Total 2016 retail sales in Westchester are projected to be better than average — approximately $1.5 billion, according to local retail expert Deborah Widger. Nationally, according to retail intelligence firm eMarketer, sales are expected to increase 3.5 percent, from $4.836 trillion in 2016 to $5.006 trillion in 2017.
As the average household income in Westchester is higher than both the national and state averages, the county should continue to fare well in the retail sector in 2017, Widger says. However, she says, to compete with online-shopping websites, retailers must create “exciting destination lifestyle venues” that focus on bringing consumers “out of the comfort of their homes.”
Existing retail will get a facelift this year, as county shop owners seek to provide a more engaging and technologically savvy consumer experience. In White Plains, The Westchester recently unveiled an interactive play area for children and their families and a contemporary technology lounge, featuring complimentary iPads for customer use. The mall now also offers on-call valet parking accessible through mobile devices, allowing shoppers to pre-request their cars by text message right before they leave the mall.
Cross County Shopping Center’s (left) management company, Macerich, recently partnered with global media firm POPSUGAR Inc. to blend its physical and digital shopping experience, in order to reach a wider audience. The collaboration will provide shoppers with custom, spot-on fashion advice and inspiration online that will, it is hoped, entice them to the Yonkers center’s brick-and-mortar shops.
Small boutiques, such as beehive designer collective in Mount Kisco and Current Home in Scarsdale, will also be incorporating technology and innovation into their 2017 strategies. Both stores will be adding e-commerce platforms to attract new customers and to keep up with big-box stores and the online retail juggernaut.
Also, expect retail development to expand in the northern reaches of the county, where land is more readily available and costs are lower. Take, for instance, the 130,000 sq ft Cortlandt Crossing project in the busy Route 6 corridor; and another large retail project being developed on Old Crompond Rd in Yorktown.

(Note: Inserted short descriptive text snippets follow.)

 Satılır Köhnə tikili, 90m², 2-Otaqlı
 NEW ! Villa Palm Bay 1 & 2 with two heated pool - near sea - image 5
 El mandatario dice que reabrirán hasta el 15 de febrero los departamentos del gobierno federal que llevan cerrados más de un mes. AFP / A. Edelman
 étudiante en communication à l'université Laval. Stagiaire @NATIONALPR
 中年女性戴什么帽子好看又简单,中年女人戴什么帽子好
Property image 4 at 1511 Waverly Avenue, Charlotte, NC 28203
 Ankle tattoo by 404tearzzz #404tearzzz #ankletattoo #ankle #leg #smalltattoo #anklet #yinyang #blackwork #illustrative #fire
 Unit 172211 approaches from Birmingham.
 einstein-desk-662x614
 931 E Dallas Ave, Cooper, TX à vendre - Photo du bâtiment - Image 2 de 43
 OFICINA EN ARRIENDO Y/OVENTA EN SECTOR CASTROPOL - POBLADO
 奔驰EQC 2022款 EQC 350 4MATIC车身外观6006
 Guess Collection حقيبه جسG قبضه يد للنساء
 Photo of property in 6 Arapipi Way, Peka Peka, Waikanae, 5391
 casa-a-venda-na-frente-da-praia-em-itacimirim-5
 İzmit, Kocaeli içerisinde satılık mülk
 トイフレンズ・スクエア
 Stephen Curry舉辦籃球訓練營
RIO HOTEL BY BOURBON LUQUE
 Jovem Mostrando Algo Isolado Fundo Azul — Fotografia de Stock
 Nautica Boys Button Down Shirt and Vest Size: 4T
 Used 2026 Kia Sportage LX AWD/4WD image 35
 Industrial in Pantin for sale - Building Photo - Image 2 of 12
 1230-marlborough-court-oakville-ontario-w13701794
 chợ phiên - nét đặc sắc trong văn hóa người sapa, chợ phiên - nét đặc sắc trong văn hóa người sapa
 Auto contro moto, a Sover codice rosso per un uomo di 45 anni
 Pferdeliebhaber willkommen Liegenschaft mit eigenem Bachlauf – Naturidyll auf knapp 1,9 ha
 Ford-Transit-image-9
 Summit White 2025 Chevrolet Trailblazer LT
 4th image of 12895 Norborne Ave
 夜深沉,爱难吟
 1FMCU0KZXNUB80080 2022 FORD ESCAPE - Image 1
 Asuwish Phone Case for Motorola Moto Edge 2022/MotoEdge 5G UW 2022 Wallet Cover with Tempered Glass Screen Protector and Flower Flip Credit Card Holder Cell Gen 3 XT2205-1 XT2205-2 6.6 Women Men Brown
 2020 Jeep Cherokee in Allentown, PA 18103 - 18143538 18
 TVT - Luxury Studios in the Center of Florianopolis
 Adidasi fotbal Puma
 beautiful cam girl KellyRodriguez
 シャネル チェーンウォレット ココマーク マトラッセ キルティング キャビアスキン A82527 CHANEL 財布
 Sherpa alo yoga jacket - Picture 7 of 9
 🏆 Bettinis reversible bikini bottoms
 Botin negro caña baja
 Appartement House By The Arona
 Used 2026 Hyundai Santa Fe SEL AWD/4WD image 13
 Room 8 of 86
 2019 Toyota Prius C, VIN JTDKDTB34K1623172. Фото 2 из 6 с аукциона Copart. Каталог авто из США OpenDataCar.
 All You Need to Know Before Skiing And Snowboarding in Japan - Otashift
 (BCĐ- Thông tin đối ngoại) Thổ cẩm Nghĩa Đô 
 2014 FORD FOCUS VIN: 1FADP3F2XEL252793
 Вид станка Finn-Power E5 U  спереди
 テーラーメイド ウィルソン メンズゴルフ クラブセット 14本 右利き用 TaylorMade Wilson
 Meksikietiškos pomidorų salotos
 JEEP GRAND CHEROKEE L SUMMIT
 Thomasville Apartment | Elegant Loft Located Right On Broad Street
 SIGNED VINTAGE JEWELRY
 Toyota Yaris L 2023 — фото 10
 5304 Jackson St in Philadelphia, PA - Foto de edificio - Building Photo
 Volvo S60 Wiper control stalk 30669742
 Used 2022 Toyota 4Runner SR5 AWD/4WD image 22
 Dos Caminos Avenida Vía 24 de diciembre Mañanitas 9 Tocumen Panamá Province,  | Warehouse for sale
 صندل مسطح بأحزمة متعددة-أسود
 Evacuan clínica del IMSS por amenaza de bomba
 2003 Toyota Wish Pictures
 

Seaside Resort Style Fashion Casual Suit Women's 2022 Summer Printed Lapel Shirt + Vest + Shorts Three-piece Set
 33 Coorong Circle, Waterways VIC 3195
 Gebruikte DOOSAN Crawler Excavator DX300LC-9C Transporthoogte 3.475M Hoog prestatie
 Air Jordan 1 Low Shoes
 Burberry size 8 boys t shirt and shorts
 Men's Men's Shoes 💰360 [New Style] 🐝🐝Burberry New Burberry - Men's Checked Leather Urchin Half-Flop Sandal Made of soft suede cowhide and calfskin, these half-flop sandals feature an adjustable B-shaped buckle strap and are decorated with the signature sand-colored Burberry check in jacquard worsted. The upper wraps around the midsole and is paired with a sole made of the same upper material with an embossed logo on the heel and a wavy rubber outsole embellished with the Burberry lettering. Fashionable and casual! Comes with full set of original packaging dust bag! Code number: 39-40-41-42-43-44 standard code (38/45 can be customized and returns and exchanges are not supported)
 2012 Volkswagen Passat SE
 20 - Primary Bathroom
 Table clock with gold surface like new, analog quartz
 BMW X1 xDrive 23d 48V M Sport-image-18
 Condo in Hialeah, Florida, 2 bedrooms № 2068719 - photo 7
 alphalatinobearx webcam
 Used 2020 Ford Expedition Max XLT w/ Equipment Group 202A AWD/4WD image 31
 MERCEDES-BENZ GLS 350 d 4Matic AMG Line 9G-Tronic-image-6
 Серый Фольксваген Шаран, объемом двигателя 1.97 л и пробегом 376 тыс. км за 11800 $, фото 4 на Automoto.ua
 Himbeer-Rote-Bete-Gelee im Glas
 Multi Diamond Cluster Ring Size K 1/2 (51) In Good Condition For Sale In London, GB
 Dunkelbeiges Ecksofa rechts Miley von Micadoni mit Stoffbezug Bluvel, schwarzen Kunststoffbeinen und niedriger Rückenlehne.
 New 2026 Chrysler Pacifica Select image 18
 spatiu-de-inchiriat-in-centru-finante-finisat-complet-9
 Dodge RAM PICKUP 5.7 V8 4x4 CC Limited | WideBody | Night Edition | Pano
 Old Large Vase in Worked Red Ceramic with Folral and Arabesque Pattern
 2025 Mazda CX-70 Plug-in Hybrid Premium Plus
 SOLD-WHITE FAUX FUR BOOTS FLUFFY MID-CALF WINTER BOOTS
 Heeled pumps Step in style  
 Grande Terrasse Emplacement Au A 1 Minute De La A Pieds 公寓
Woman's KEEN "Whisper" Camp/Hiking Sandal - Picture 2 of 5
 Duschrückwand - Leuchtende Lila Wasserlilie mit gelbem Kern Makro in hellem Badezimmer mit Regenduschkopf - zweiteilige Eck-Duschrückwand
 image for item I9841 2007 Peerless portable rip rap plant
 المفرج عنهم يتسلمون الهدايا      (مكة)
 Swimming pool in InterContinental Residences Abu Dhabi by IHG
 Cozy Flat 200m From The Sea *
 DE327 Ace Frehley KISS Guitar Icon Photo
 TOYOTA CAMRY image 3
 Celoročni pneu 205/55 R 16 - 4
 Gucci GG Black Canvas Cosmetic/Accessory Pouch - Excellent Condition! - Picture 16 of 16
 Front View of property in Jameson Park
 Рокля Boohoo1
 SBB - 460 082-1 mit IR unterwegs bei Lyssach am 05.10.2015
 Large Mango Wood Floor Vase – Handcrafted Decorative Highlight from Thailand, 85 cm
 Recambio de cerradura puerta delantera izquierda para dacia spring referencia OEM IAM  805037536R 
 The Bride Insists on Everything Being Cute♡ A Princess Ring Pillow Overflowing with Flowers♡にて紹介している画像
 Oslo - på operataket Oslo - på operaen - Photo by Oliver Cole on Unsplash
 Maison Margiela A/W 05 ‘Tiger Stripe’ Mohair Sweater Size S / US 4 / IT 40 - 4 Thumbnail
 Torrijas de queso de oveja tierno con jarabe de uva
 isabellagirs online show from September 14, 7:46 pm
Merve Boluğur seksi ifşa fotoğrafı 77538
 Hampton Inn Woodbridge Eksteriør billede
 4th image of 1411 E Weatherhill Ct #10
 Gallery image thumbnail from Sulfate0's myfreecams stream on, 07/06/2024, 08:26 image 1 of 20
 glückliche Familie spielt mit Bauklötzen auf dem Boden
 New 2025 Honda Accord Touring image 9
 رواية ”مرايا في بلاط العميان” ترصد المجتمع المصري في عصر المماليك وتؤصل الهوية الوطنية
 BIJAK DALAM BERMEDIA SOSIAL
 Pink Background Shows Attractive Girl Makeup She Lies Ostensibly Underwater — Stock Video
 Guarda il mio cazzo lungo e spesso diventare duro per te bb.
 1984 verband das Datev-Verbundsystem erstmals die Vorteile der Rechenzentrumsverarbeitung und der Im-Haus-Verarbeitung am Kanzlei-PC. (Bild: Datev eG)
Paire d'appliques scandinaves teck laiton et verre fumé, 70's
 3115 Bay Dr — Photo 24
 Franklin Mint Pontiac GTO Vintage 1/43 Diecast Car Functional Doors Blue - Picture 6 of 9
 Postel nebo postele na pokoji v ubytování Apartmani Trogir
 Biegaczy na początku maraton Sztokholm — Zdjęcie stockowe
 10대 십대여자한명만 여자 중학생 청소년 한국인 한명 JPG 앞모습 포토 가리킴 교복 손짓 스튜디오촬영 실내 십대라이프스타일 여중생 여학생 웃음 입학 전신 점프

Widger suggests that retail, especially luxury, will thrive in 2017, so long as Westchester shop owners continue to focus on luring Amazon shoppers off their couches by creating convenient and entertaining shopping for the whole family that cannot be experienced through a computer screen. —Gina Valentino
(From top to bottom, left to right) A smaller pool of applicants has local schools like Pace University, Westchester Community College, Purchase College, Sarah Lawrence College, and Fordham University boosting financial aid and recruitment efforts.
A “Students’ Market”
The primary issue affecting all [higher-education] institutions here [in Westchester] is basically a demographic trend,” says Thomas Blum, vice president for administration at Sarah Lawrence College in Bronxville. “The number of college-age students in New York and surrounding states is flat or declining through the year 2025.” Colleges will be competing for a “largely static pool of candidates,” Blum adds, creating something of a “students’ market.” (Parents and high schoolers take note.)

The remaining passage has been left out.